Loyal users of Yahoo's many services may need to think about alternatives if a vocal investor gets its way.
On Wednesday, investment firm Starboard Value called on Yahoo for a change in leadership along with a more aggressive strategy for a spinoff or sale of the company's core Internet business. In December, Yahoo said that it was open to selling off its core business, though the board has yet to approve such a sale.
A spin-off would would mean Yahoo could be stripped down to an entity that's of more interest to investors than everyday computer users.

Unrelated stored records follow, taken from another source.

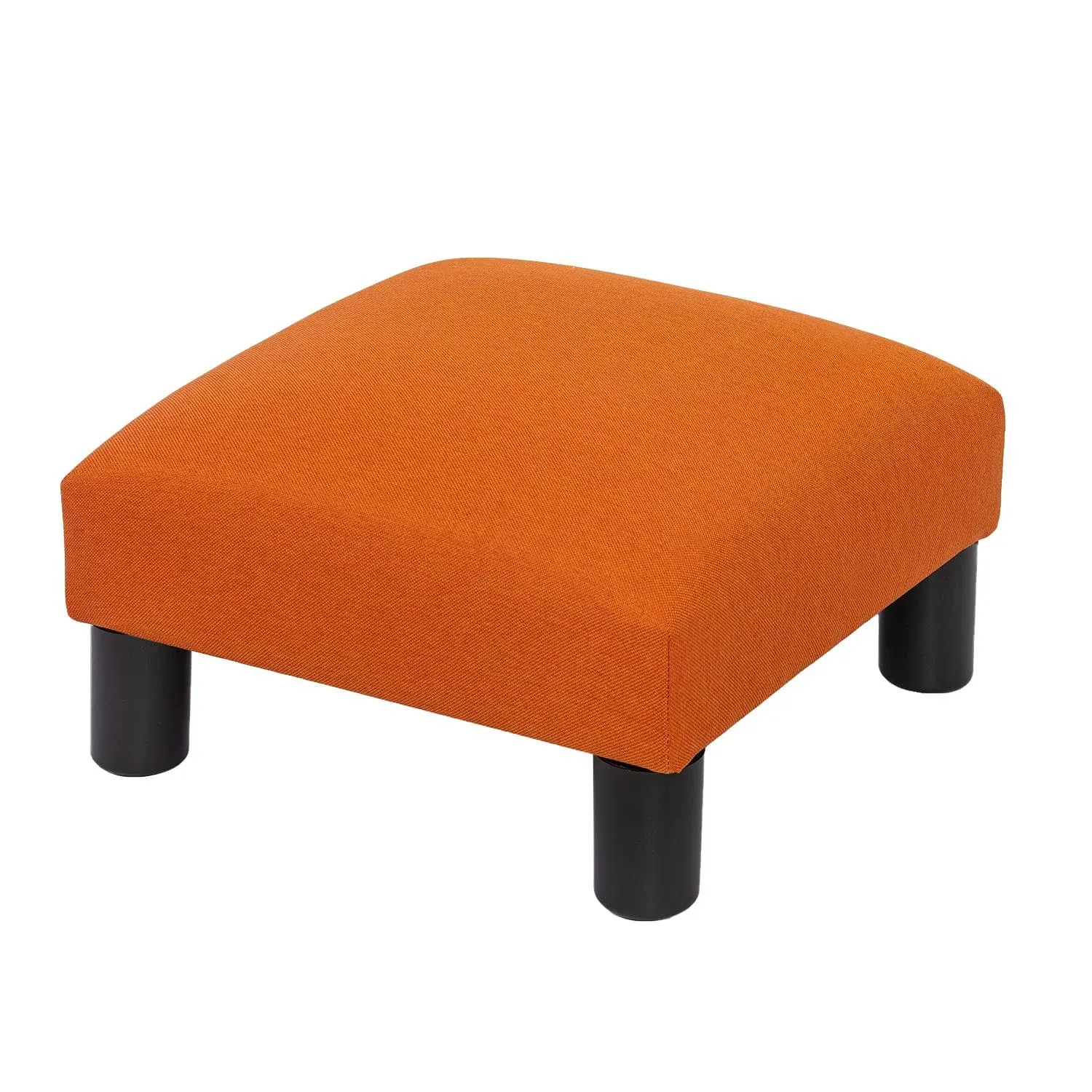 Adeco Ottoman - Orange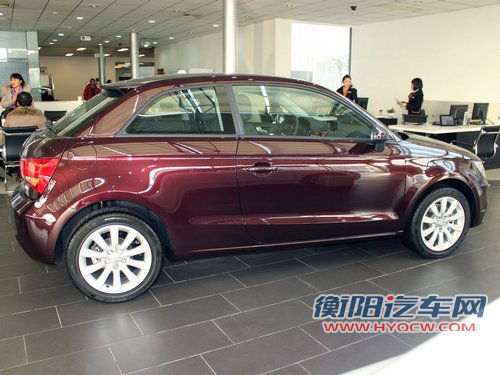 自主两新车领衔 本周四款上市新车盘点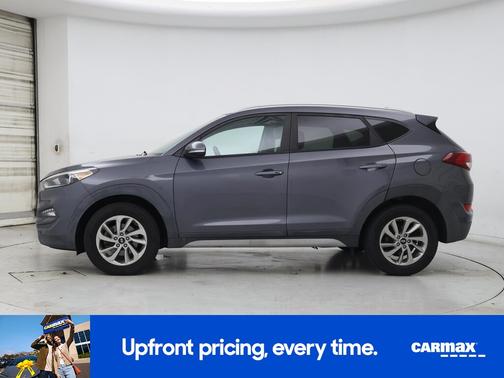 2018 Hyundai TUCSON SEL Plus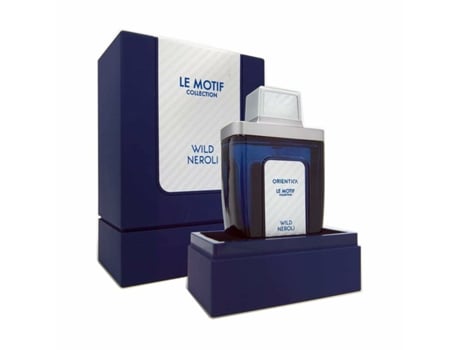 Perfume Homem Orientica EDP Wild Neroli 85 ml
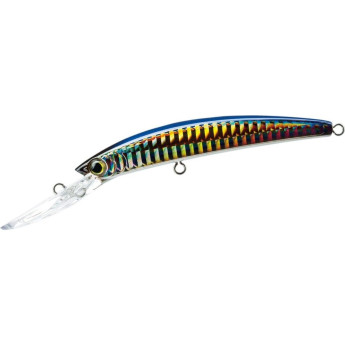 Воблер YO-ZURI CRYSTAL MINNOW DEEP DIVER 110F R1135-HGHB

The company said Wednesday that it would offer details on plans for "a more focused Yahoo" on or before it reports its fourth-quarter earnings this month.
With Yahoo's glory days behind it, CEO Marissa Mayer has tried to reinvigorate the Internet pioneer and keep it alive by focusing on its mobile services such as Yahoo Mail, Weather, Finance and Sports. She has also tried to make the company a popular media spot, hiring well-known personalities such as journalist Katie Couric. But Yahoo continues to struggle as it's been outshined in search and email by Google and by the likes of Netflix and Amazon on the entertainment side.
Starboard, which owns less than 1 percent of the company, criticized Yahoo management for having "failed to produce acceptable results ... causing massive declines in profitability and cash flow." A sale or spinoff of the company's Internet business would trigger a shift in management, mostly likely starting with Mayer, who was hired as CEO in July 2012 to try to revive the company. It could also mean changes for such services as Yahoo Mail and Search, including their potential demise.
Last month, the Sunnyvale, California, company said it would scrap its plans to spin off its stake in Chinese e-commerce giant Alibaba, worth more than $30 billion.
On Wednesday, Yahoo said it's attentive to the opinions of its investors. "Our board and management team engage in and maintain regular, open dialogue with all our shareholders, and consistently strive to deliver and to maximize shareholder value," the company said in a statement.
Later in the day, the Business Insider blog reported, citing unnamed sources, that Yahoo was working on a plan to cut at least 10 percent of its workforce, or about 1,000 employees.
Mayer has insisted that a turnaround of Yahoo would take years, but Starboard believes a more immediate change is in order to appease unhappy investors.
"It appears that investors have lost all confidence in management," Starboard said.
Update 10:41 a.m. PT: Added comment from Yahoo.